In some embodiments, the event tag is generated by: extracting event characteristics of each corpus text by using a machine learning model according to context information of each corpus text in the text to be processed; and marking the same event label for the corpus texts with the same event characteristics.
In some embodiments, the corpus text matched with the search text data is multiple, and the determining unit determines the relevant event of the search text data according to the event tags of the multiple matched corpus texts; the device also includes: and the generating unit is used for generating at least one item of space track information or time axis information of the related events according to the space-time labels of the plurality of matched corpus texts.
In some embodiments, the apparatus further comprises a display unit for performing at least one of the following steps: according to the spatial track information of the relevant events, marking and displaying the relevant events at corresponding positions on a map; or according to the space track information of the relevant event, determining a relevant area on the map, and displaying the time character information or the time shaft graphic information determined according to the time shaft information on the relevant area.
According to still further embodiments of the present disclosure, there is provided a text data search apparatus including: a memory; and a processor coupled to the memory, the processor configured to perform the search method of text data in any of the above embodiments based on instructions stored in the memory device.
According to still further embodiments of the present disclosure, there is provided a non-transitory computer-readable storage medium having stored thereon a computer program which, when executed by a processor, implements a search method of text data in any of the above embodiments.
In the embodiment, the relevance relation in the text data can be deeply mined by taking the space-time characteristics of the text data as a search basis, so that the accuracy of a search result is improved.
Drawings
The accompanying drawings, which are incorporated in and constitute a part of this specification, illustrate embodiments of the disclosure and together with the description, serve to explain the principles of the disclosure.
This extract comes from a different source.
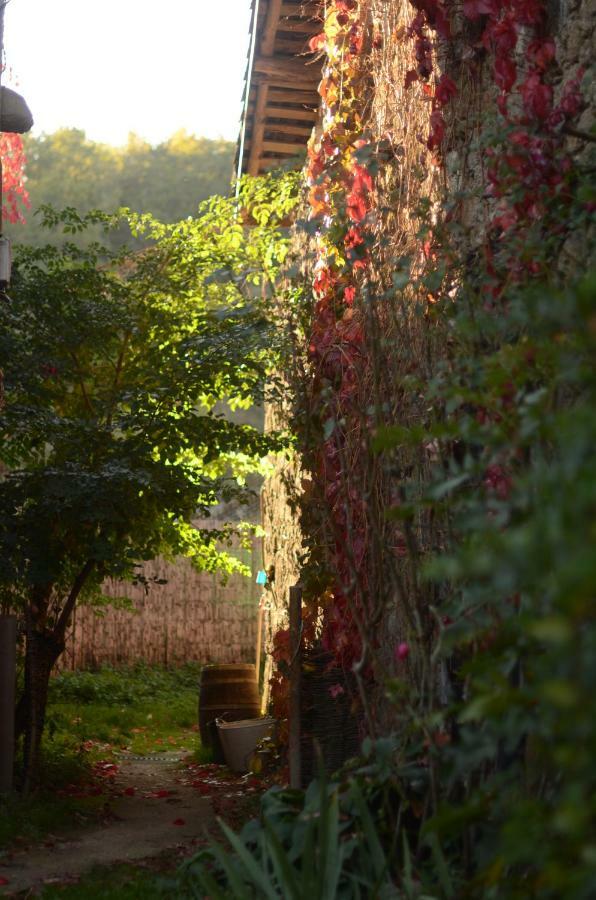 Torre Tanquian Eco Finca - Ribeira Sacra Pantón Εξωτερικό φωτογραφία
The present disclosure can be more clearly understood from the following detailed description with reference to the accompanying drawings, in which:
FIG. 1 illustrates a flow diagram of some embodiments of a method of searching for textual data of the present disclosure;
FIG. 2 illustrates a flow diagram of some embodiments of step 120 in FIG. 1;
FIG. 3 illustrates a schematic diagram of some embodiments of a method of searching for textual data of the present disclosure;
FIG. 4 shows a schematic diagram of further embodiments of a method of searching for textual data of the present disclosure;
FIG. 5 illustrates a block diagram of some embodiments of a search apparatus of text data of the present disclosure;
FIG. 6 shows a block diagram of further embodiments of a search apparatus for text data of the present disclosure;
fig. 7 shows a block diagram of further embodiments of a device for searching text data according to the present disclosure.
Detailed Description
Various exemplary embodiments of the present disclosure will now be described in detail with reference to the accompanying drawings. It should be noted that: the relative arrangement of the components and steps, the numerical expressions, and numerical values set forth in these embodiments do not limit the scope of the present disclosure unless specifically stated otherwise.
Meanwhile, it should be understood that the sizes of the respective portions shown in the drawings are not drawn in an actual proportional relationship for the convenience of description.
The following description of at least one exemplary embodiment is merely illustrative in nature and is in no way intended to limit the disclosure, its application, or uses.
Techniques, methods, and apparatus known to those of ordinary skill in the relevant art may not be discussed in detail, but are intended to be part of the specification where appropriate.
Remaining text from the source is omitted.